» **PROBLEM TO WORK ON**: Copy only what lies from the line containing "Цветы для ленивых: 5" through the line containing "Jack Russel Terrier Does Very Useful Tricks" in the entries below, keeping both end lines exact and dropping every picture.

Scraped caption text data
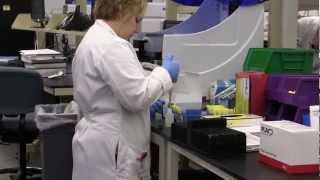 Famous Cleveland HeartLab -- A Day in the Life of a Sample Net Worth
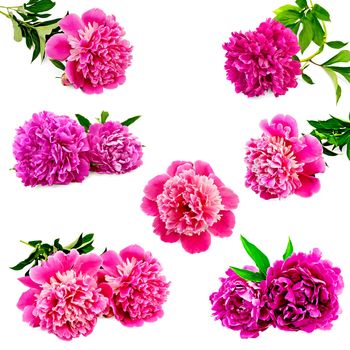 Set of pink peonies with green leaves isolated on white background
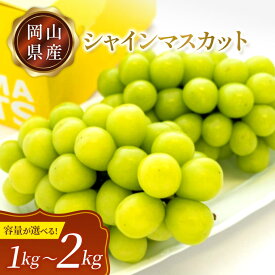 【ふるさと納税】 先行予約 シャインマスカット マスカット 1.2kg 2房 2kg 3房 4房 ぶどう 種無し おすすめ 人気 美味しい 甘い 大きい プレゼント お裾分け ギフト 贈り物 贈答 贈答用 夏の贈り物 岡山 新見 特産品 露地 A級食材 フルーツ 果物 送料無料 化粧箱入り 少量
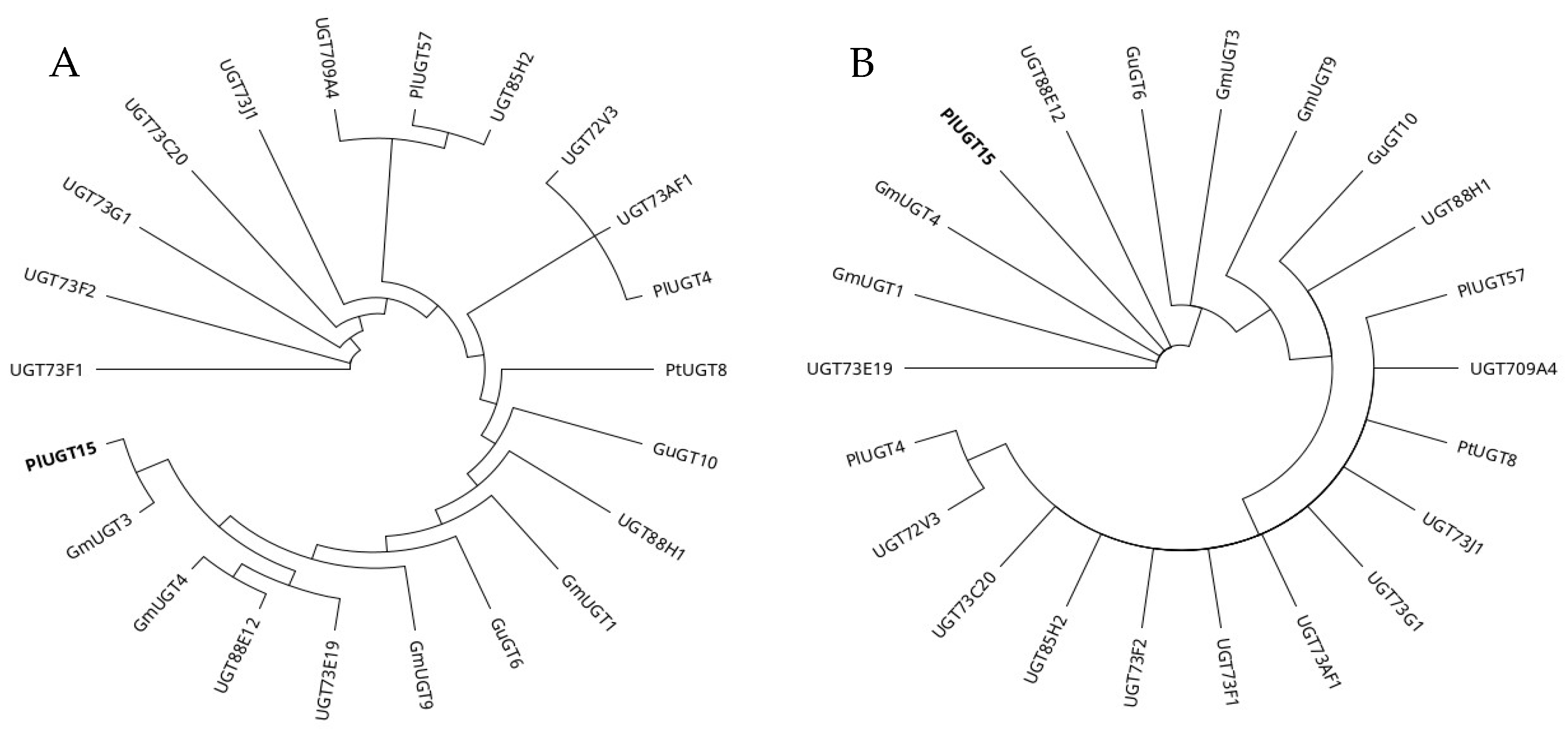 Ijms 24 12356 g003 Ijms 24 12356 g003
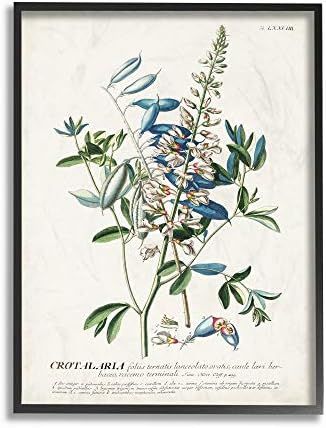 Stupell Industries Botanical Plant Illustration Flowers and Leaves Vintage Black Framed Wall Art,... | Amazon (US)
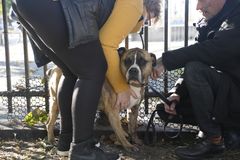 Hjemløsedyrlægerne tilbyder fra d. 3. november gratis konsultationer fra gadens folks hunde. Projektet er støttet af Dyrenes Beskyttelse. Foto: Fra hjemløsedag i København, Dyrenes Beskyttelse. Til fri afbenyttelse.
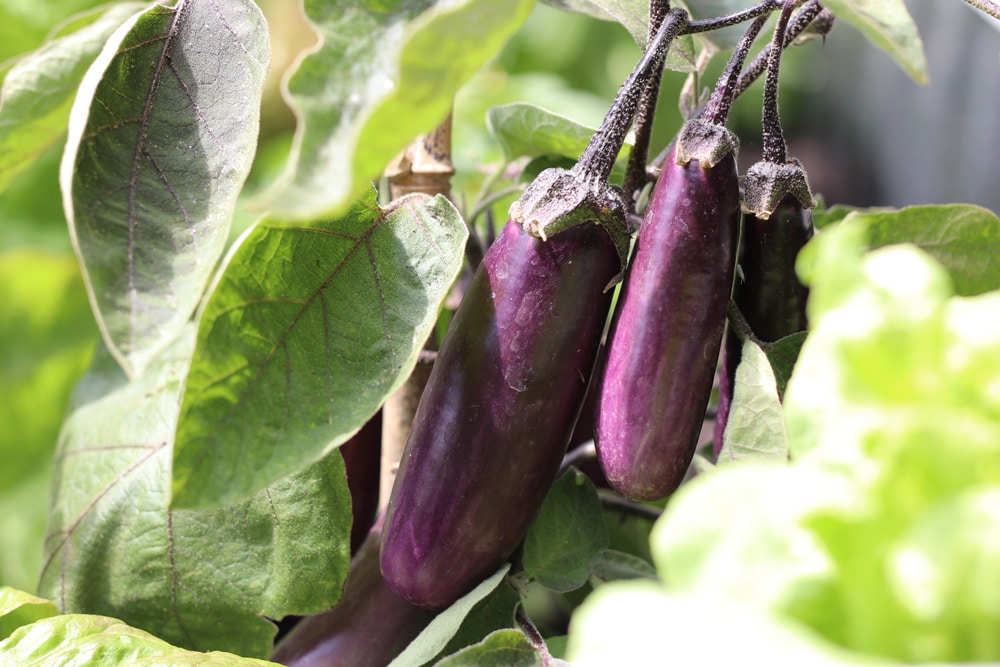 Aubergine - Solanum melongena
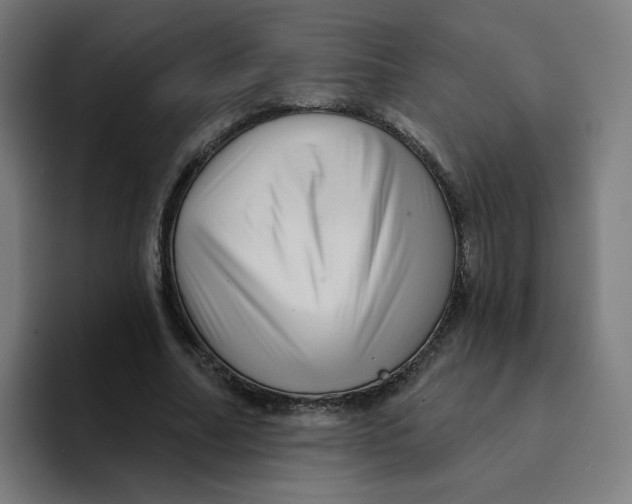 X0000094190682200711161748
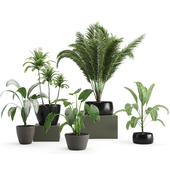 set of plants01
---
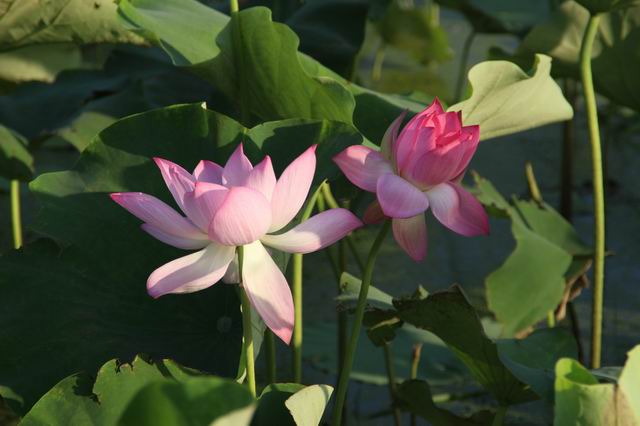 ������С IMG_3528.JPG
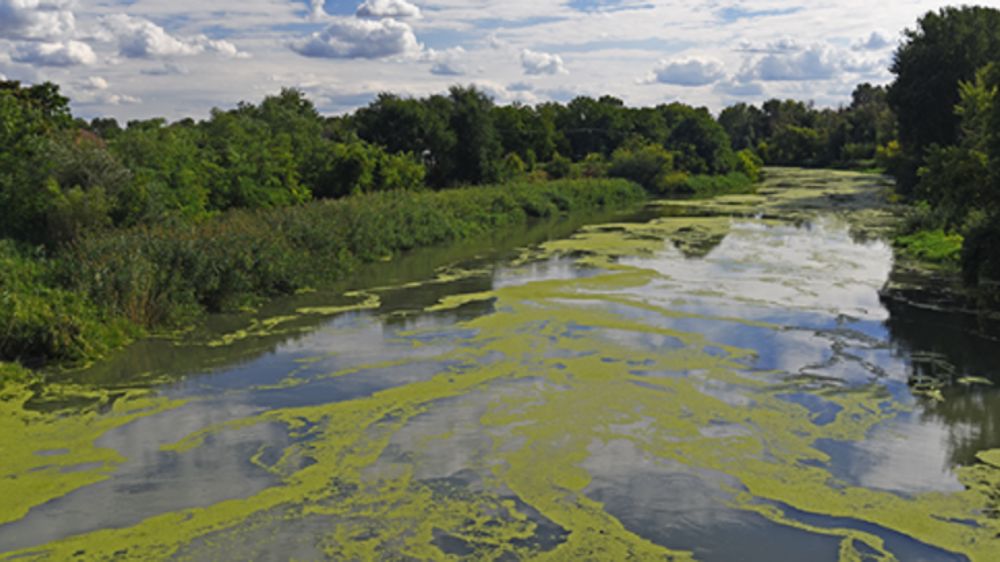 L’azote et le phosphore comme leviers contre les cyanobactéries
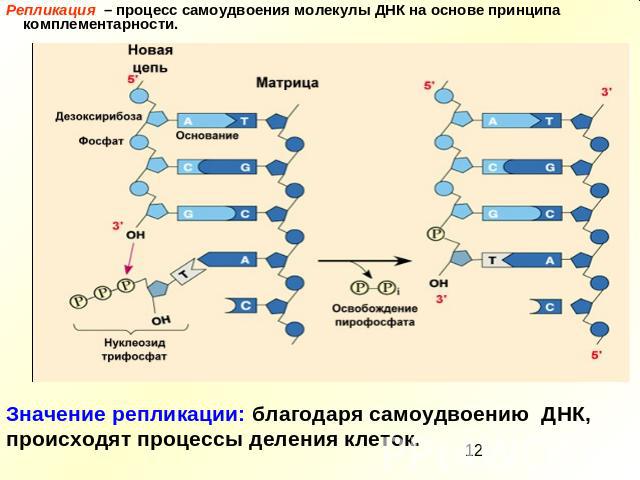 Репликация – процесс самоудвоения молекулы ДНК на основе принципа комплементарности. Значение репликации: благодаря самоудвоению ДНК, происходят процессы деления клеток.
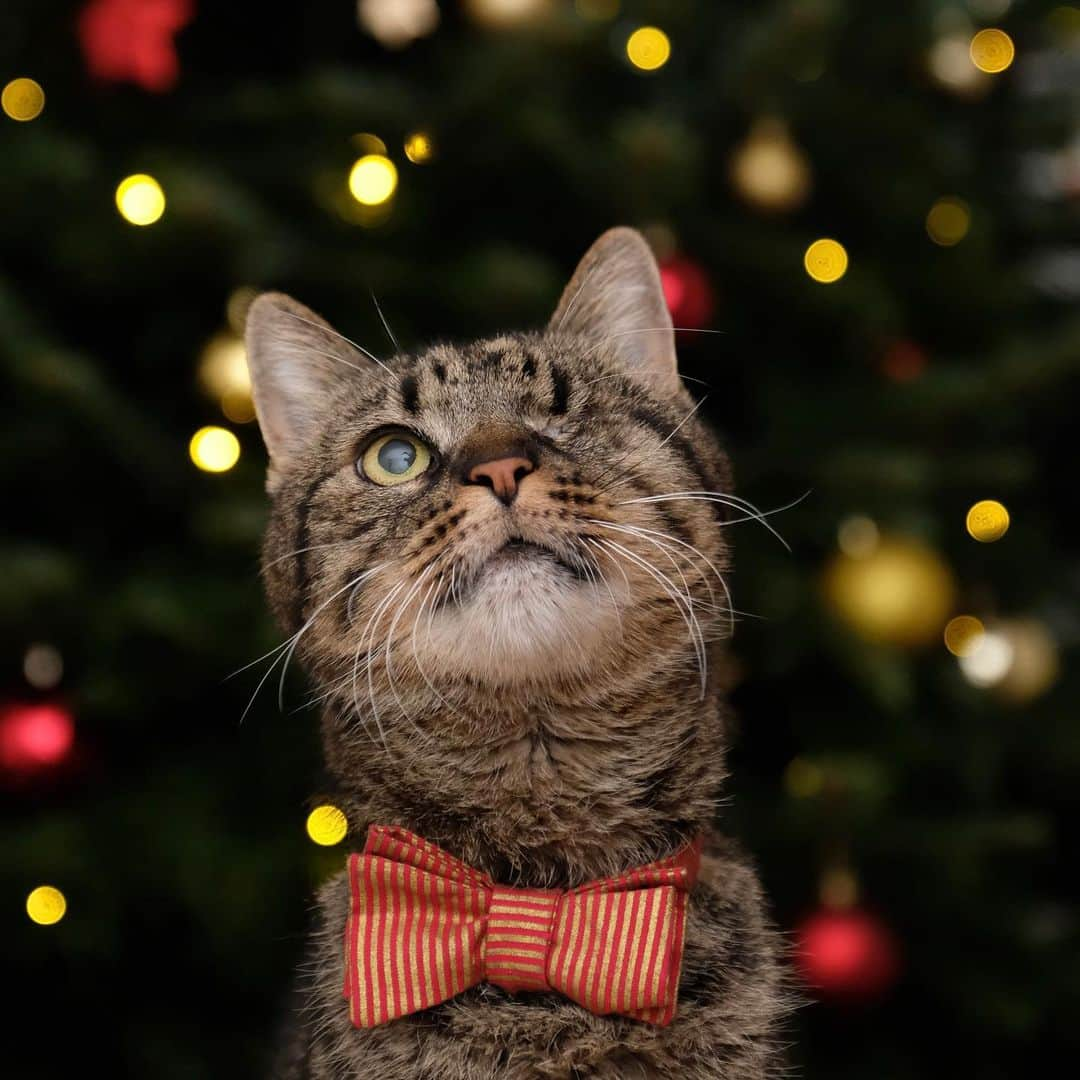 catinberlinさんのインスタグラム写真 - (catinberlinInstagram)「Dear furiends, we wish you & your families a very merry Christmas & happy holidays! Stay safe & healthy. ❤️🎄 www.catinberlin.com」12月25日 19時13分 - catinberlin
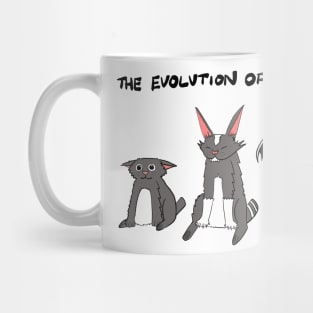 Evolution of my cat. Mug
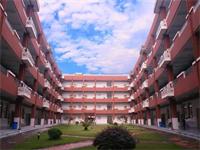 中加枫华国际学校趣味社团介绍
--
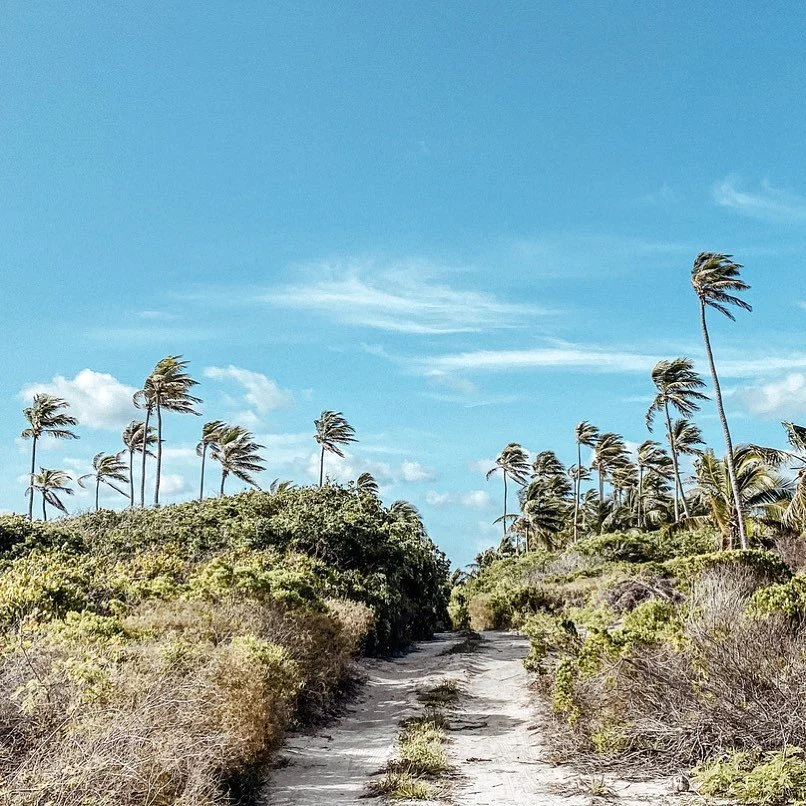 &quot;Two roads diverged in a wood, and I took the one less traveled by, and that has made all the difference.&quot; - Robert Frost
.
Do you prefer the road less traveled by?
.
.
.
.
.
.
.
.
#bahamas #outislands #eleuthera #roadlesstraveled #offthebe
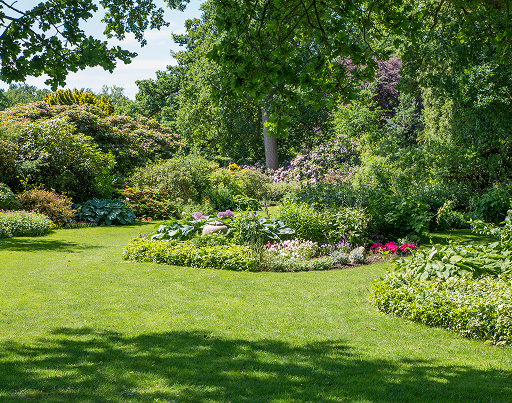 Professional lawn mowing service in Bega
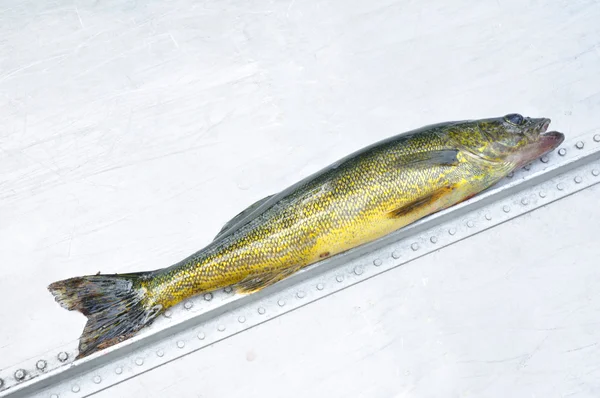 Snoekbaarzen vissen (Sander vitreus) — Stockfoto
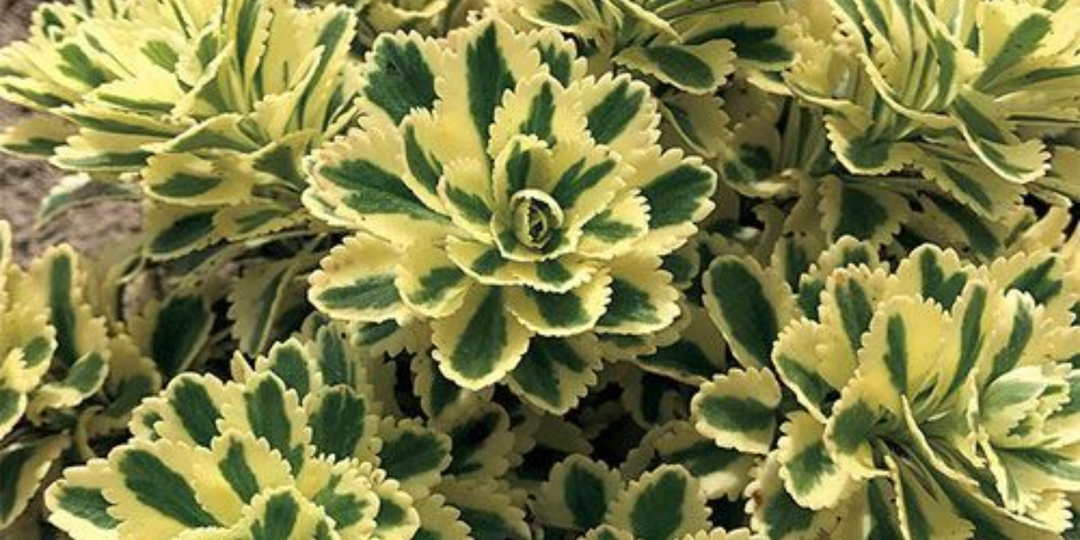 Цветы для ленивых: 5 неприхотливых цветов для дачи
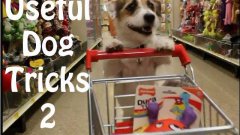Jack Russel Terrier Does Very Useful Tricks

» **OUTPUT FOR THIS TASK**:
 Цветы для ленивых: 5 неприхотливых цветов для дачи
Jack Russel Terrier Does Very Useful Tricks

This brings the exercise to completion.